An exact transcription of all the data is required, with every image removed.

BEGIN RECORDS FOR THIS EXERCISE

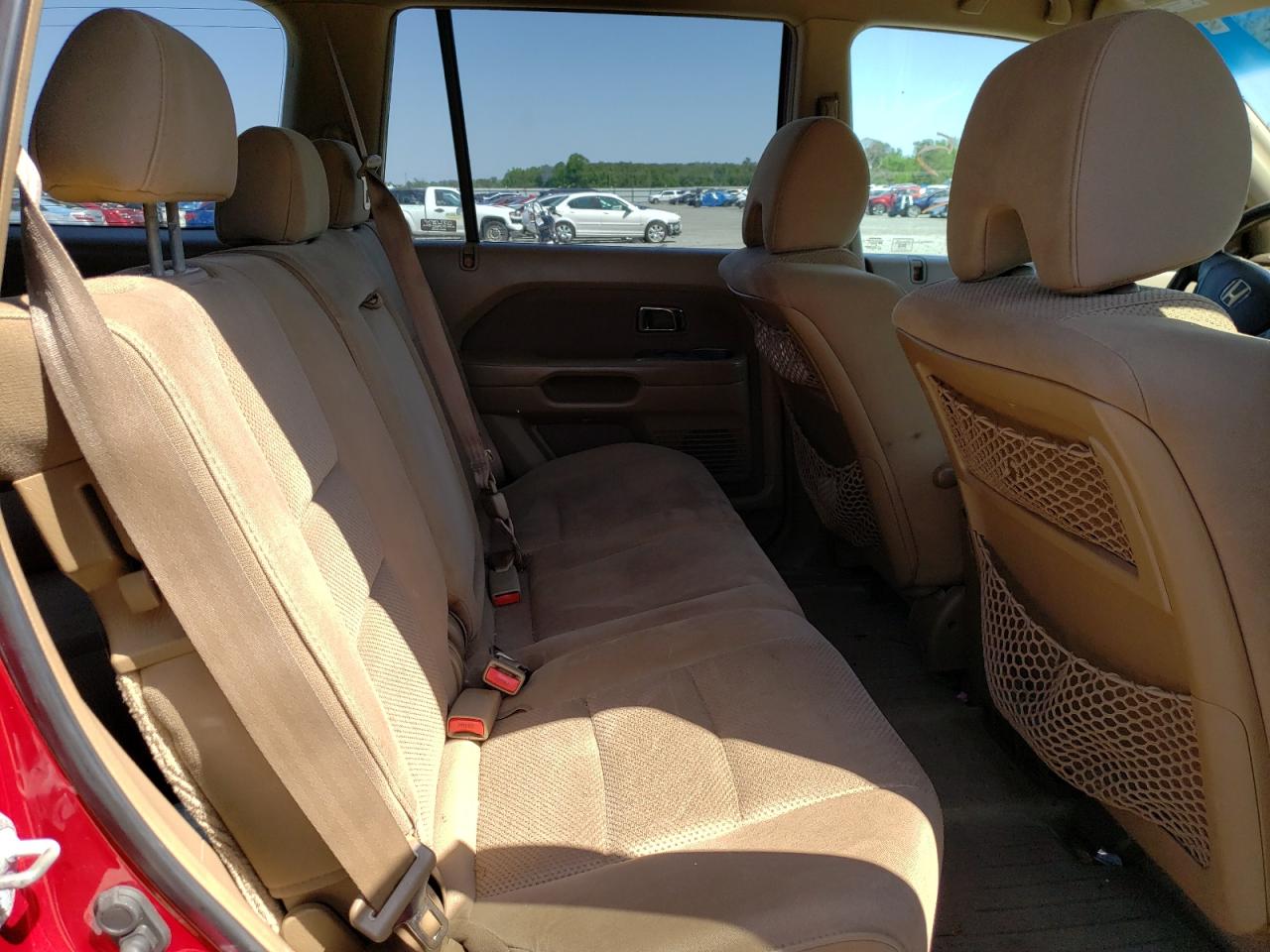 Photo 6 from auction – 2006 HONDA PILOT EX with VIN 5FNYF28406B030811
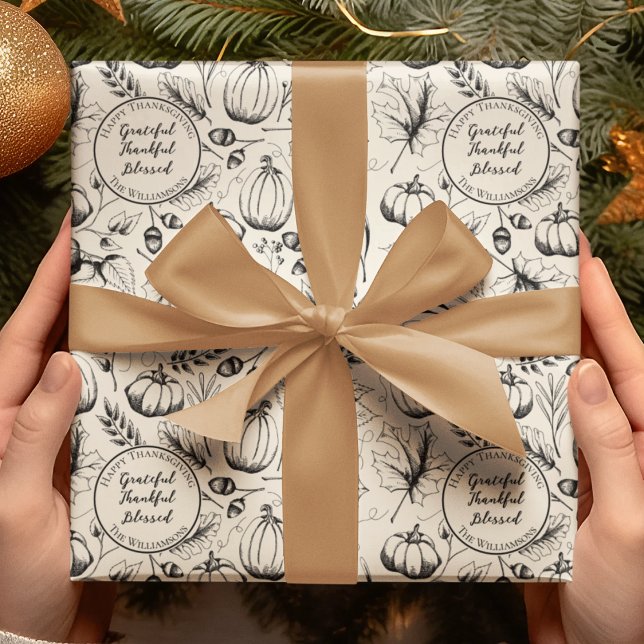 Elegant Cream Autumn Harvest Pumpkins Anpassningsb Presentpapper (Elegant Custom "Happy Thanksgiving" Hand-Drawn Fall Harvest Wrapping Paper. Pumpkins & Autumn Leaves)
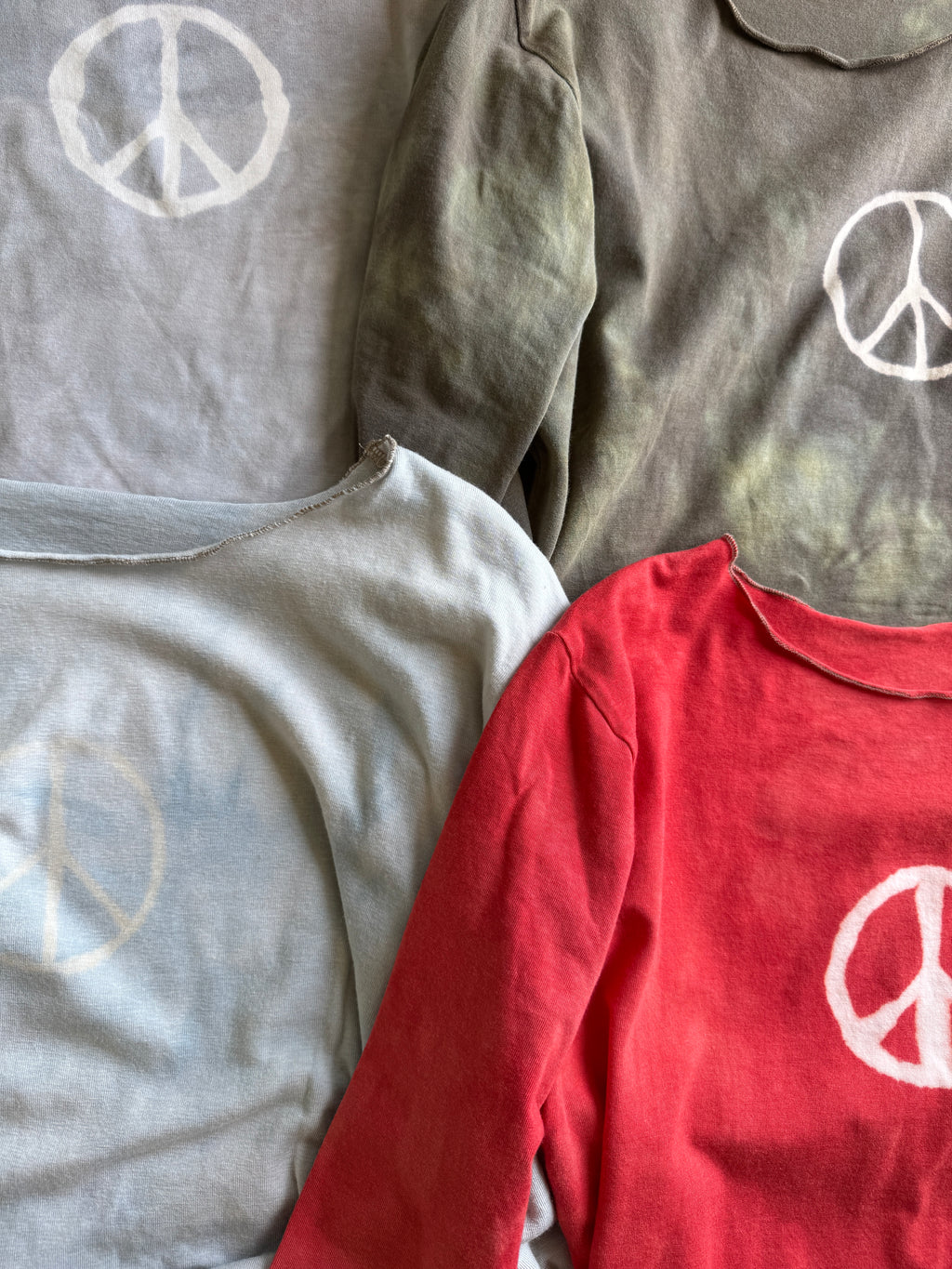 Robin Kaplan Organic Cotton Peace Tee (Multiple Colors)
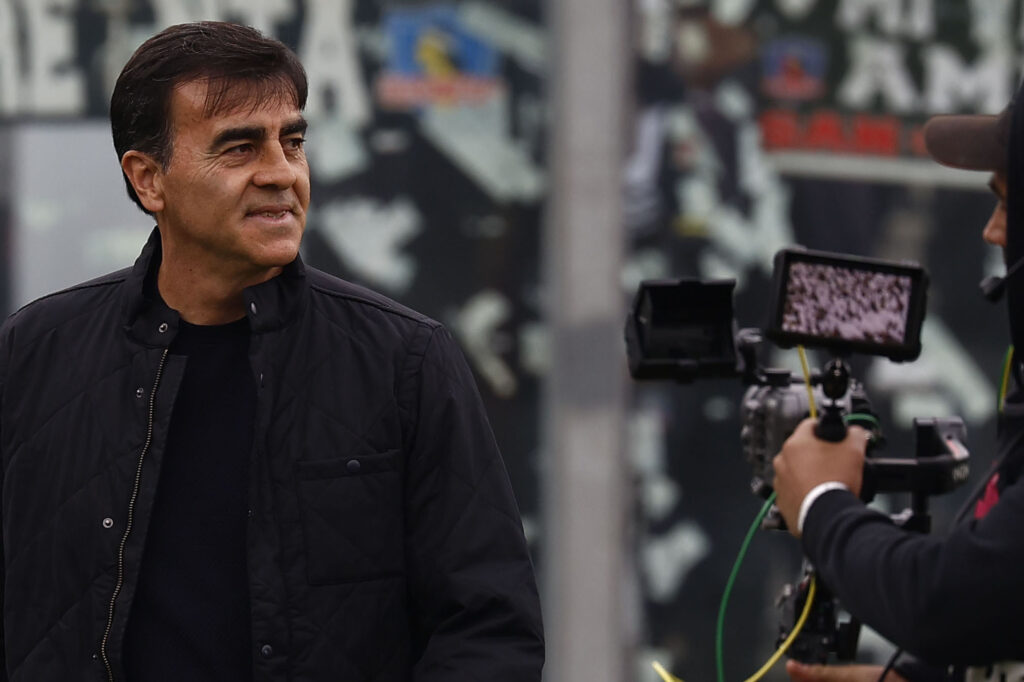 Gustavo Quinteros en la cancha del Estadio Monumental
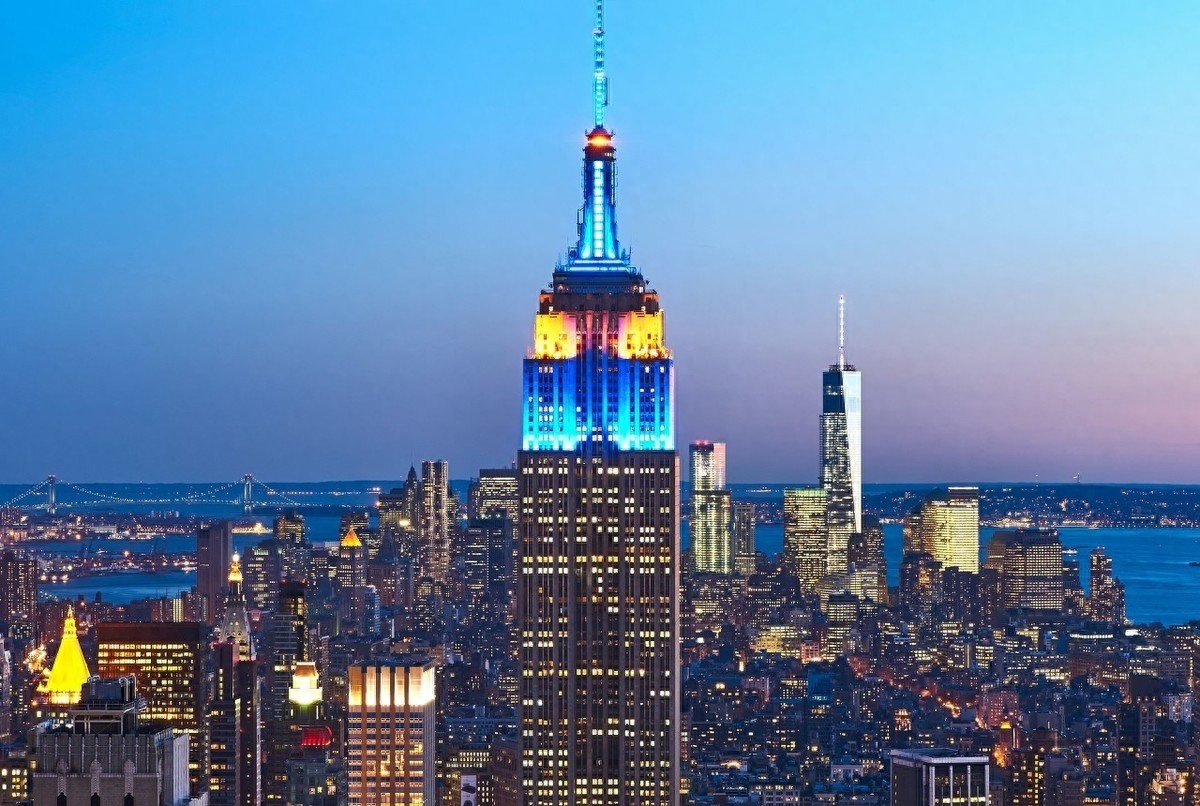 建于1931年的帝国大厦高度400米,竣工仅用1年时间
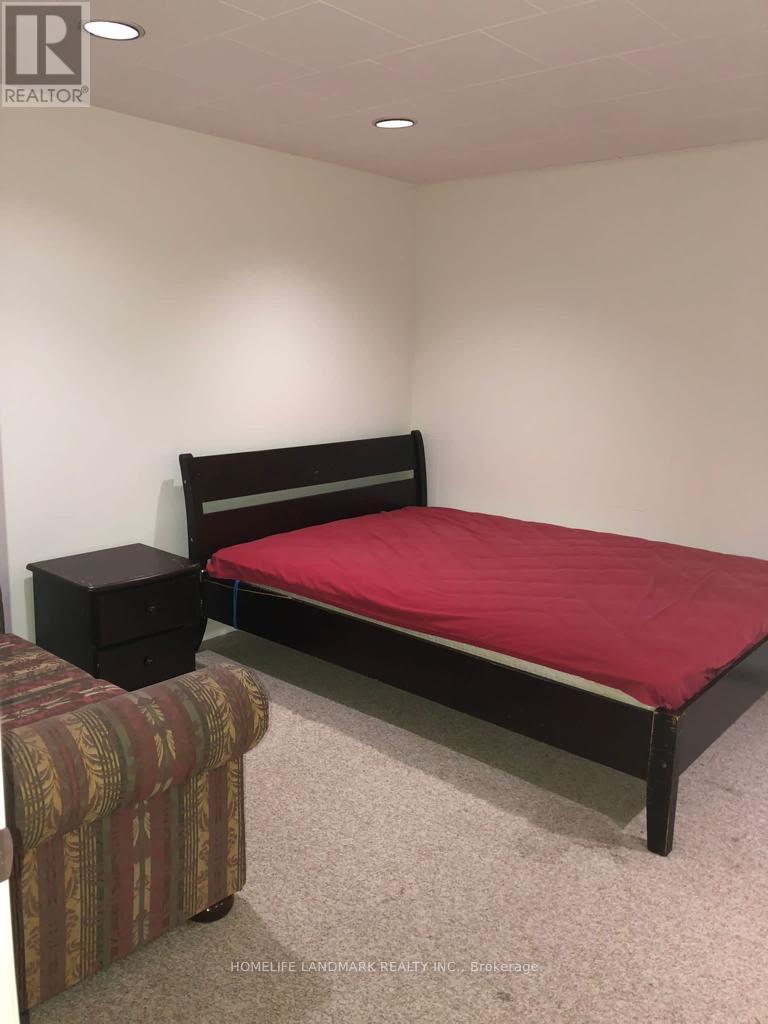 105 Whitehorn Crescent, Toronto, ON - Indoor Photo Showing Bedroom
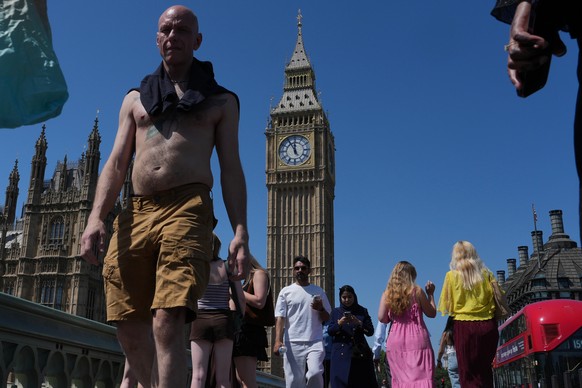 People walk outside the Palace of Westminster in London, Tuesday, May 26, 2026. (AP Photo/Kin Cheung)
APTOPIX Britain Extreme Weather Heat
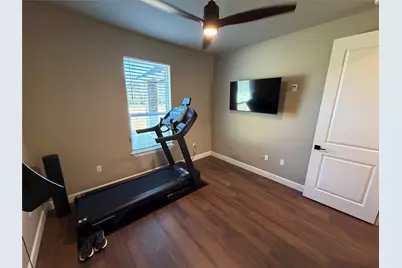 838 Oak Ridge Drive, Angleton, TX 77515 - Photo 29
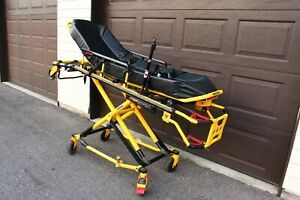 Stryker MX-Pro 650lb R3 6082 Ambulance Stretcher Brakes IV Pole Gurney Cot EMT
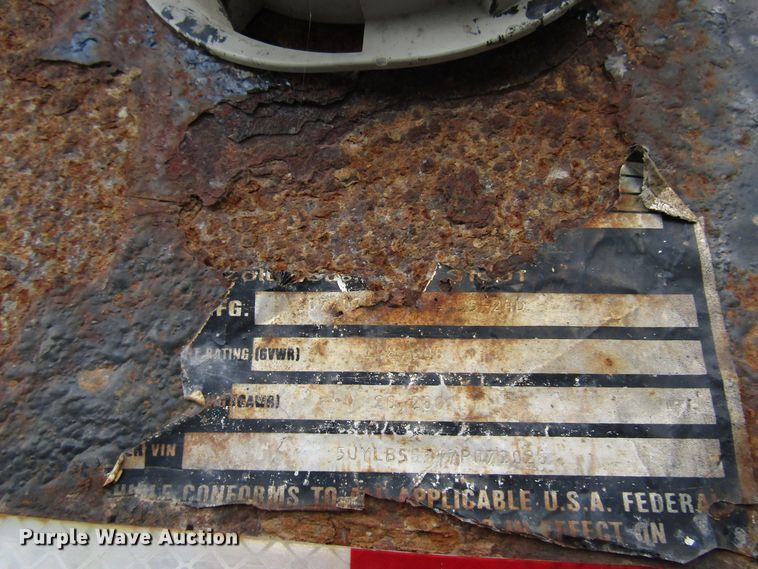 image for item FJ9739 2007 Dynaweld lowboy equipment trailer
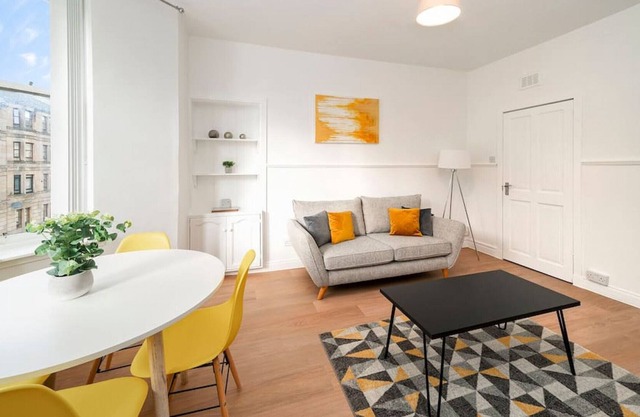 Dunn Street Apartment - as cute as a button
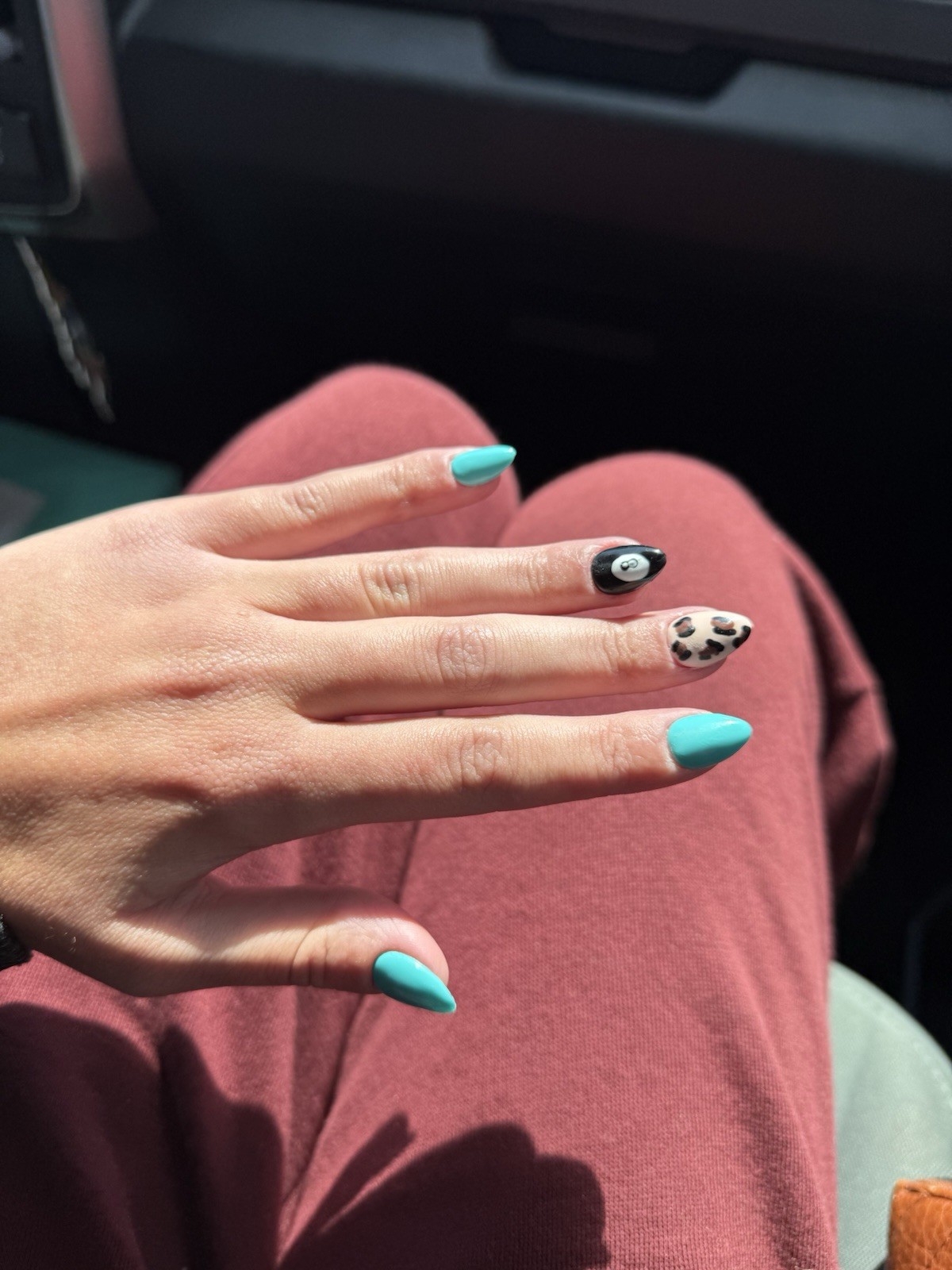 Handmade Western Style Press-on Nails Almond Shape Short length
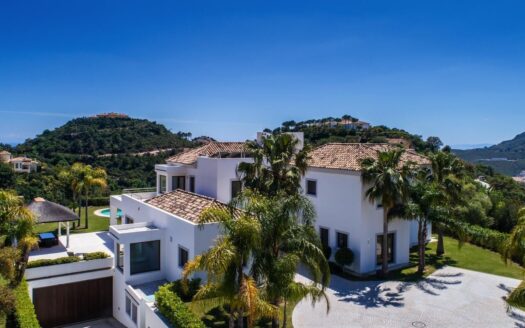 ARFV2038 - Zeitgenössische Villa zum Verkauf mit hervorragender Südorientierung in La Zagaleta in Benahavis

END RECORDS FOR THIS EXERCISE

• _SOLUTION TO THE PROBLEM_
 Photo 6 from auction – 2006 HONDA PILOT EX with VIN 5FNYF28406B030811
 Elegant Cream Autumn Harvest Pumpkins Anpassningsb Presentpapper (Elegant Custom "Happy Thanksgiving" Hand-Drawn Fall Harvest Wrapping Paper. Pumpkins & Autumn Leaves)
 Robin Kaplan Organic Cotton Peace Tee (Multiple Colors)
 Gustavo Quinteros en la cancha del Estadio Monumental
 建于1931年的帝国大厦高度400米,竣工仅用1年时间
 105 Whitehorn Crescent, Toronto, ON - Indoor Photo Showing Bedroom
 People walk outside the Palace of Westminster in London, Tuesday, May 26, 2026. (AP Photo/Kin Cheung)
APTOPIX Britain Extreme Weather Heat
 838 Oak Ridge Drive, Angleton, TX 77515 - Photo 29
 Stryker MX-Pro 650lb R3 6082 Ambulance Stretcher Brakes IV Pole Gurney Cot EMT
 image for item FJ9739 2007 Dynaweld lowboy equipment trailer
 Dunn Street Apartment - as cute as a button
 Handmade Western Style Press-on Nails Almond Shape Short length
 ARFV2038 - Zeitgenössische Villa zum Verkauf mit hervorragender Südorientierung in La Zagaleta in Benahavis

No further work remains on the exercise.